Does he scrawl out a flowchart first? (Do you want a programmer who
codes from his head, or gels ideas a bit first?) Does he ask for WDSC,
does he refuse WDSC (are you looking for new ideas, reinforcement of
existing ideas?) Does he write out comments first and then fill in the
code? Use subprocedures / subroutines naturally? What habits would you
like in your staff? See if the candidate is like the ideal you desire"
geez i wonder how I'd shape up??
subfiles...page at a time
code from the head..
WDSC (and SEU depending on situation, etc)
comment AFTER coding
all subprocs except for one subroutine that handles program termination
stuff
Thanks,
Tommy Holden
From:
Buck <kc2hiz@xxxxxxxxx>
To:
rpg400-l@xxxxxxxxxxxx
Date:
03/11/2008 01:32 PM
Subject:
Re: Need Some RPG Technical Questions
Shannon ODonnell wrote:
Have the candidate write a short program that uses embedded SQL to pull
some
records from a file of your choice and display them in a subfile of your
own
design-specs.
Absolutely agree. The other side of this is to NOT critique the thing
when it's done. Have the candidate explain the rationale for various
decisions made (why use a load-all vs page at a time). If you see
something that looks different, think of it as something the interviewer
can learn and find out why the candidate did it that way.

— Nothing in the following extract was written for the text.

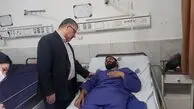 رئیس سازمان پزشکی قانونی کشور از مجروحین اقدام تروریستی رژیم صهیونیستی در زندان اوین عیادت کرد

One other useful technique is to actually watch the candidate work.
Does he scrawl out a flowchart first? (Do you want a programmer who
codes from his head, or gels ideas a bit first?) Does he ask for WDSC,
does he refuse WDSC (are you looking for new ideas, reinforcement of
existing ideas?) Does he write out comments first and then fill in the
code? Use subprocedures / subroutines naturally? What habits would you
like in your staff? See if the candidate is like the ideal you desire.
This can be intimidating to a candidate. Explain that you'd really like
to see the candidate shine, and that this isn't a way to nitpick the
candidate out the door, but to enjoy watching someone new at work.